Skip to content

Fluent API Design for Complex Network RAG

Philosophy

This API design follows these principles: 1. Simplicity - Common tasks should be trivial 2. Composability - Components should combine naturally 3. Discoverability - Method names reveal intent 4. Pythonic - Use context managers, properties, and conventions 5. Type hints - Clear interfaces for IDE support

Design Overview

Three-Layer Architecture

  1. Configuration Layer - Builder pattern for setup
  2. Operation Layer - Fluent interface for queries
  3. Result Layer - Rich result objects

Key Improvements

  1. Builder Pattern for configuration
  2. Fluent Queries with method chaining
  3. Context Managers for transactions
  4. Rich Results instead of raw lists
  5. Property-based Access for simple attributes
  6. Factory Methods for common patterns

API Examples

1. Simple Setup (Most Common Use Case)

from complex_network_rag import NetworkRAG

# One-liner for quick start
rag = NetworkRAG.create("my_knowledge.db")

# Add content
rag.add("Python is a programming language")
rag.add("Machine learning uses Python", tags=["ml", "ai"])

# Query
results = rag.search("programming").top(5)
for result in results:
    print(result.content, result.score)

2. Builder Pattern for Custom Setup

from complex_network_rag import NetworkRAG

# Fluent configuration
rag = (NetworkRAG.builder()
    .with_storage("my_knowledge.db")
    .with_tfidf_embeddings(max_features=512)
    .with_similarity_threshold(0.7)
    .build())

3. Fluent Query Interface

# Method chaining for complex queries
results = (rag.search("machine learning")
    .in_community(2)
    .with_strategy("hybrid")
    .top(10))

# Filter by metadata
results = (rag.search("python")
    .filter(tags=["tutorial"])
    .filter(year=2024)
    .top(5))

# Explore topology
results = (rag.search("databases")
    .expand_neighbors(hops=2)
    .prioritize_hubs()
    .top(10))

4. Batch Operations with Context Manager

# Transaction-like batch adds
with rag.batch() as batch:
    for doc in documents:
        batch.add(doc.id, doc.content, metadata=doc.meta)
# Network automatically rebuilds after context exits

5. Network Analysis

# Property-based access for simple attributes
print(f"Nodes: {rag.node_count}")
print(f"Edges: {rag.edge_count}")
print(f"Communities: {rag.community_count}")

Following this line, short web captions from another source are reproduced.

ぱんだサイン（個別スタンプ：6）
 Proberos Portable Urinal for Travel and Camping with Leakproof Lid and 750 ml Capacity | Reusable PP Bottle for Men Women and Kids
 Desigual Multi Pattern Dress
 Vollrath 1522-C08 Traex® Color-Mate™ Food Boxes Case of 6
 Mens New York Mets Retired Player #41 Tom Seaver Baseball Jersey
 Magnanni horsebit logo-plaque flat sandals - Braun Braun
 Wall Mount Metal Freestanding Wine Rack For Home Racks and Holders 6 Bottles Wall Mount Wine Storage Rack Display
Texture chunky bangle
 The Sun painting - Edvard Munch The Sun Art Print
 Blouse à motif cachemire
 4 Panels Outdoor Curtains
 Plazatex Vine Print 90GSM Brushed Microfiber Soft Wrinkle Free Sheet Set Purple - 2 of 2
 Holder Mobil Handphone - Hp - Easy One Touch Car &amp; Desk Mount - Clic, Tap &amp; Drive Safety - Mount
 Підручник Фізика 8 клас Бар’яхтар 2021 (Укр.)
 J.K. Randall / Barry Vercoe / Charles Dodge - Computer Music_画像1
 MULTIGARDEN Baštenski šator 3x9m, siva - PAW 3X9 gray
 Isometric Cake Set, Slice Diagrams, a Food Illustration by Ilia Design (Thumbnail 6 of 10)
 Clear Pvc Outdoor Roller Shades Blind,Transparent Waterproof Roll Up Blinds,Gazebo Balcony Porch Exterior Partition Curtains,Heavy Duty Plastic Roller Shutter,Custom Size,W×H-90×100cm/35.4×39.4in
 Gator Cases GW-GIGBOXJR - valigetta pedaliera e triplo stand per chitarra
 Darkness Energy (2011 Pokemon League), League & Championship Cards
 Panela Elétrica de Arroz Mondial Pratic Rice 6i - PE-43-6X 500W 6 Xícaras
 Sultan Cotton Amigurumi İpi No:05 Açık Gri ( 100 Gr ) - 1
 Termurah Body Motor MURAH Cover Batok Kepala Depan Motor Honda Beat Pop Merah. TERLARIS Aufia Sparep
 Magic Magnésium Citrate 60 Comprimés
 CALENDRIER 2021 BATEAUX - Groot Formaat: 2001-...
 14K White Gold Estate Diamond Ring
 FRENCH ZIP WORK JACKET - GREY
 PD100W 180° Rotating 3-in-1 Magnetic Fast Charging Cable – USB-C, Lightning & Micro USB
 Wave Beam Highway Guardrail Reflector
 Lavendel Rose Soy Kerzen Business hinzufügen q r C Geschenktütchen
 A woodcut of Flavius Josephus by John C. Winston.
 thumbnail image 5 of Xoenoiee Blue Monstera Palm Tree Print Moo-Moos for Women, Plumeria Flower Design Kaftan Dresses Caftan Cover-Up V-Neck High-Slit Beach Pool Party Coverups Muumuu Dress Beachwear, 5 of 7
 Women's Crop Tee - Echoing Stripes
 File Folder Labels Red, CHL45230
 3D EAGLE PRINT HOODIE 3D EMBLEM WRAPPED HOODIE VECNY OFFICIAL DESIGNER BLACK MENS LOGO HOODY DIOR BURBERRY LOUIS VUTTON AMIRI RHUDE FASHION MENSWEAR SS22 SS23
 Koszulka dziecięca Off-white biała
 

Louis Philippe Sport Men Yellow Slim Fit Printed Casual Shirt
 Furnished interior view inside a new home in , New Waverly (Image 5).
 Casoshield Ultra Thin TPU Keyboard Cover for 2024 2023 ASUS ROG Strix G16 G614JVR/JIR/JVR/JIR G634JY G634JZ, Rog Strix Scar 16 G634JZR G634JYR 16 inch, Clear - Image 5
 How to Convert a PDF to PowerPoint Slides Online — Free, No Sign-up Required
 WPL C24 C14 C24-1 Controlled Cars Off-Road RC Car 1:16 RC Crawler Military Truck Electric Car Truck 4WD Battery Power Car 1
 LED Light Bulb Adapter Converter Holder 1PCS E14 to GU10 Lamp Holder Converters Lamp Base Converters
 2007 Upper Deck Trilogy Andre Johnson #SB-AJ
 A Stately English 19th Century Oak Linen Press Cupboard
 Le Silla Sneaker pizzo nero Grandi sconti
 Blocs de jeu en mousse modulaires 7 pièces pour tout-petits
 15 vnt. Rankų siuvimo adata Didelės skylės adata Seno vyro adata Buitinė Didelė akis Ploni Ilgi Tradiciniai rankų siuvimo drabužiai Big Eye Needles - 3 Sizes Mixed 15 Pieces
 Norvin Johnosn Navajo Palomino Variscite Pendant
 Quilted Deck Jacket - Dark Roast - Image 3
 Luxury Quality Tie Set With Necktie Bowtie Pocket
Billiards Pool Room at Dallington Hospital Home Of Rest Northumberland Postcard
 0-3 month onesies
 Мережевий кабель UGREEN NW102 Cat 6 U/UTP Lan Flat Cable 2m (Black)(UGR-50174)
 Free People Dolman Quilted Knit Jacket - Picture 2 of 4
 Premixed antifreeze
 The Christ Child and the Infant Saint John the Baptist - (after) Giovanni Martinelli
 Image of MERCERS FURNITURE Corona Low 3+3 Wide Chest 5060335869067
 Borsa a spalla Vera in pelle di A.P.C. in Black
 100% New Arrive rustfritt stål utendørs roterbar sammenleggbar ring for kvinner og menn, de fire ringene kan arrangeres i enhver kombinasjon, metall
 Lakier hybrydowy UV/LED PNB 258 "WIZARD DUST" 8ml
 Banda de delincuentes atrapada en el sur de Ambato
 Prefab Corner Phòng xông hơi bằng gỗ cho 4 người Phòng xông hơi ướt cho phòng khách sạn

# Method calls for computed properties
communities = rag.communities  # Dict[str, int]
hubs = rag.hubs(min_degree=5)  # List of node IDs
bridges = rag.bridges(min_betweenness=0.01)

# Community exploration
community = rag.get_community(0)
print(community.size)
print(community.tags)
for node_id in community.nodes:
    print(node_id)

6. Rich Result Objects

# Results are iterable and indexable
results = rag.search("query").top(10)

# Access by index
first = results[0]
print(first.id, first.content, first.score)

# Iteration
for result in results:
    print(result)

# Conversion
node_ids = results.ids()  # List[str]
scores = results.scores()  # List[float]
contents = results.contents()  # List[str]

# Slicing works
top_three = results[:3]

7. Node Management

# Add with automatic ID generation
node_id = rag.add("Content here")

# Add with explicit ID
rag.add("Content", id="doc1", tags=["important"])

# Get node details
node = rag.get("doc1")
print(node.content)
print(node.metadata)
print(node.neighbors)

# Update metadata
rag.update("doc1", tags=["very-important"])

# Delete
rag.delete("doc1")

8. Factory Methods for Common Patterns

# Quick start with Ollama
rag = NetworkRAG.with_ollama("knowledge.db", model="nomic-embed-text")

# Quick start with TF-IDF
rag = NetworkRAG.with_tfidf("knowledge.db", max_features=512)

# In-memory for testing
rag = NetworkRAG.in_memory()

9. Visualization Integration

# Simple visualization
rag.visualize("network.html")

# With options
rag.visualize("network.html",
    highlight_communities=True,
    show_hubs=True,
    interactive=True)

# Get visualization object for customization
viz = rag.visualization()
viz.highlight_nodes(["doc1", "doc2"])
viz.save("custom.html")

10. Advanced: Custom Embedding Providers

from complex_network_rag import EmbeddingProvider

class MyEmbeddings(EmbeddingProvider):
    def embed(self, texts):
        # Your implementation
        pass

    def get_dimension(self):
        return 768

    def get_model_name(self):
        return "my-model"

    def get_model_config(self):
        return {}

rag = NetworkRAG.builder().with_embeddings(MyEmbeddings()).build()

Backward Compatibility

All existing APIs remain functional:

# Old API still works
storage = SQLiteStorage("my.db")
embedder = TFIDFEmbedding(max_features=256)
rag = NetworkRAG(storage, embedder, min_similarity=0.7)
rag.add_node("doc1", "content...", metadata={"tag": "foo"})
results = rag.find_similar("query", n=10, strategy="hybrid")

Migration Path

Old code:

storage = SQLiteStorage("db.db")
embedder = TFIDFEmbedding()
rag = NetworkRAG(storage, embedder)
rag.add_node("id1", "content", {"tag": "foo"})
results = rag.find_similar("query", n=5)

New code:

rag = NetworkRAG.with_tfidf("db.db")
rag.add("content", id="id1", tags=["foo"])
results = rag.search("query").top(5)

Implementation Strategy

  1. Create QueryBuilder class for fluent queries
  2. Create ResultSet class for rich results
  3. Create NetworkBuilder class for configuration
  4. Create BatchContext for batch operations
  5. Create Node and Community classes for rich objects
  6. Add factory methods to NetworkRAG
  7. Keep existing methods for backward compatibility